Production AI very different from the demos [D]
Summary
An AI feature moved into production experienced unexpected cost escalations due to increased token usage, primarily driven by longer, less clear customer queries and the implementation of context retrieval, which doubled input length. Initial prototypes on GPT-4o were cost-effective at low volumes, but production traffic revealed a significant financial burden. The lack of granular cost attribution from the OpenAI dashboard forced manual reconciliation of token counts against feature usage, a process deemed unsustainable. This manual effort consumes half a day weekly, yet still yields uncertain financial reporting, highlighting a critical gap in native spend-by-feature visibility.
Key takeaway
For AI Engineers or MLOps teams deploying new AI features, proactively implement granular cost attribution at the application layer from day one.
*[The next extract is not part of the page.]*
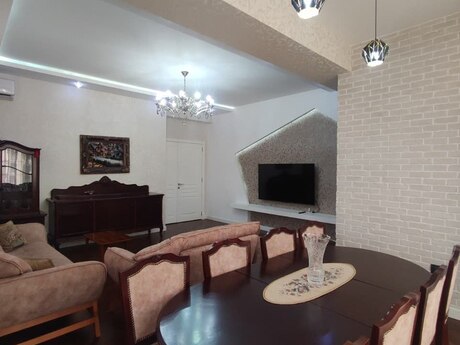 3 otaqlı yeni tikili - 28 May m. - 159 m²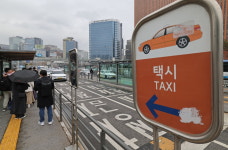 노조 간부에 금품 제공 혐의…경찰, 서울택시조합 압수수색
Your current manual reconciliation efforts are unsustainable and inaccurate. By logging tokens per call and tagging by feature, you gain the necessary visibility to optimize costs, potentially by shifting less critical tasks to smaller models and enforcing prompt length caps, thereby avoiding unexpected budget overruns.
Key insights
Production AI costs often exceed prototype estimates due to scaling, longer prompts, and lack of granular attribution.
Principles
- Production costs scale non-linearly with usage.
- Native attribution is crucial for cost management.
Method
Log tokens per API call, tag by feature, move cheaper tasks to smaller models, and set prompt length caps.
In practice
- Implement application-layer token logging.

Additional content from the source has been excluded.